I, myself, personally, did not kill anyone. I didn’t shoot anyone, didn’t hate anyone, didn’t do anything. So why am I saying these events are my responsibility?
Because—surprise, surprise—they were perpetrated by men. Men are staggeringly the perpetrators of gender-based violence, to the tune of 90 percent.
That can be a staggering thing for men to hear, and some of us might do our best not to hear it. There’s an impulse to deflect, to say that it’s a minority of men who do actively commit this violence, and to defend the majority who, fair enough, probably don’t.
But #NotAllMen is too easy. Letting yourself think, “I am not a part of the problem, therefore I must inherently be part of the solution”—that’s lazy. If that’s going to be our collective thought process, as men, we will keep getting called out as lazy and simple-minded, and we’ll deserve it.
Scottish comedian Daniel Sloss is someone I appreciate, both as a pretty funny guy myself (skill recognize skill), and as a fan of what he has to say, often especially to us men. This week, I’ve had the words from one of his bits ringing in my head: If you take 10 men, and even if there’s just one ‘bad guy’ among them—spreading the misogyny, committing the violence—and there are nine other men standing by doing nothing about it, then the bystanders might as well not be there. You might as well just have one bad guy. Or 10.
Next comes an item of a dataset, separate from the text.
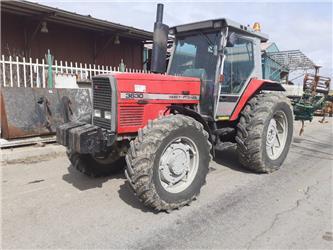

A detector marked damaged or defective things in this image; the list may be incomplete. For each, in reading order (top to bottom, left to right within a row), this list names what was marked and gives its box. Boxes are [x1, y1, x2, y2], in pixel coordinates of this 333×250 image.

rusted metal sheet [0, 87, 91, 139]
What this boils down to me is accountability. Accountability for our actions, our affiliations, and for the space we occupy in society. Accountability for ourselves, for each other, and for the community and culture of men everywhere. We need to step up and step into the problem at hand, we need to do so en masse, and until we collectively do so, we should be collectively embarrassed.
How can we do it? How can we tackle something so big? We break it down, like layers of cake, into pieces we can stomach. For me, it comes down to three levels of change that need to guide how we think, act, and react. Here they are.
Individual
As individuals, we can find ourselves constantly grappling with our strongest foe—ourselves. It is the little boy inside all of us who was steeped in a culture of competition and domination. It is that conditioning that primes us to believe that our own careers may be more important than that of our partner—we were told, after all, to grow up to be pilots, and not to be stewardesses. It is that same conditioning that primes us to believe that, as a man, we are competing with other men for the attention of women: the idea that the only reason she might be ‘not that into us’ is because of another man, and not her own thoughts, feelings and agency.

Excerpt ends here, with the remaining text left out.